The Mental Capacity Act is designed to empower a person’s voice, protect their rights and provide safeguarding measures, alongside direction of practice, if a person is determined to lack capacity for a particular decision at a certain time. In this blog, we explore the role of the Mental Capacity Act around future decisions relating to healthcare, finance and assigning an LPA.
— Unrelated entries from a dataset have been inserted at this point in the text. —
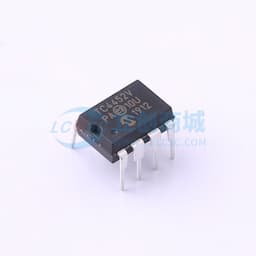 TC4452VPA 【插件】缩略图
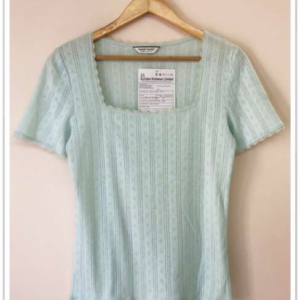 Naf2-PR-Tee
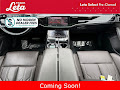 2019 Audi A8 L 55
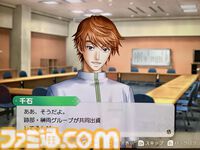 【テニプリ】『学プリ』、『ドキサバ』リマスター版プレイリポート。KONAMIさんありがとう。これまでの情報を総まとめ【テニスの王子様】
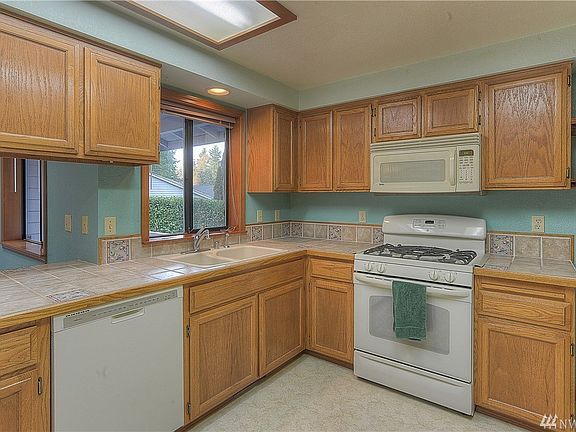 5th image of 5110 Viewridge Dr SE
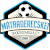 logo of Mátraderecske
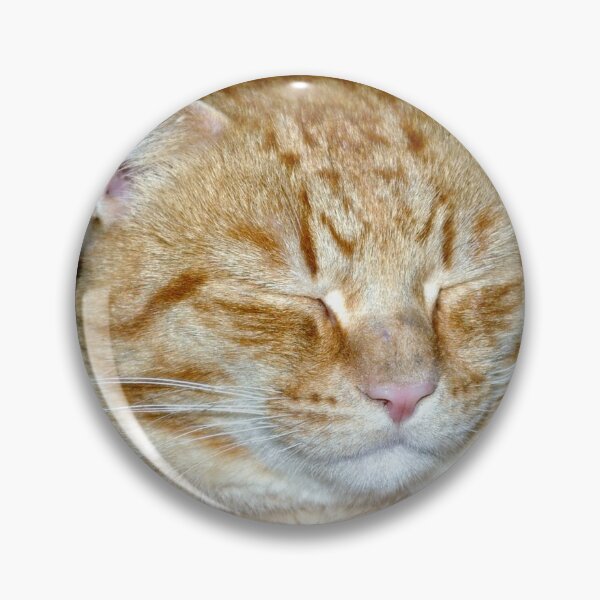 Item preview, You Can't See Me designed and sold by VikingVisual.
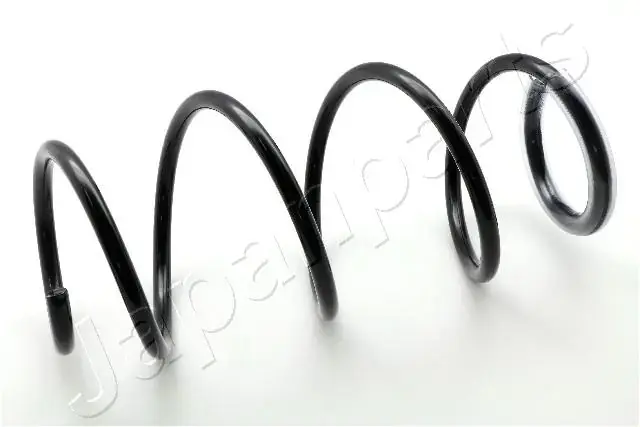 Пружина передняя japan parts ZC2709H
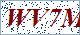The refresh verification code！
Thinking about the future: advanced decisions and LPA
Under the Mental Capacity Act, a person is empowered with the right to make future decisions while they have capacity, such as for advanced decisions around health care treatment(s) or by assigning Lasting Power of Attorney (LPA) to trusted individual. These processes help ensure that an individual’s personal wishes, beliefs and values are known – in the case of LPA, it also allocates a person or group of people trusted to make decisions on their behalf if they were to lack capacity at some point in the future. We have a range of blogs that discuss these areas in detail.
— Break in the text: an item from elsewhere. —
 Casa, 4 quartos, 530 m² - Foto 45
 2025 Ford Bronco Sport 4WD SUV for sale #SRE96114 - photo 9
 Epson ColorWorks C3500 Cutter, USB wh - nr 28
However, as we have noted many times already in our blogs, the general level of awareness around the role of advanced decisions and LPA continues to be quite poor among members of the public – and even among some health and care professionals. It is therefore really important that ‘future decisions’ (in all their many forms) should not be seen as a taboo subject for fear of what to come or otherwise. Rather, it is far better to have open discussions about these issues to ensure that future wishes are fully understood and adhered to via the appropriate processes.
Financial decisions
While a Mental Capacity Assessment may be needed for an individual to make a recorded advanced decision, or to assign an LPA, there are several other circumstances where an assessment may be needed when it comes to managing finances, such as forming a trust fund, making or changing a will, opening a mortgage, or making a gift of money.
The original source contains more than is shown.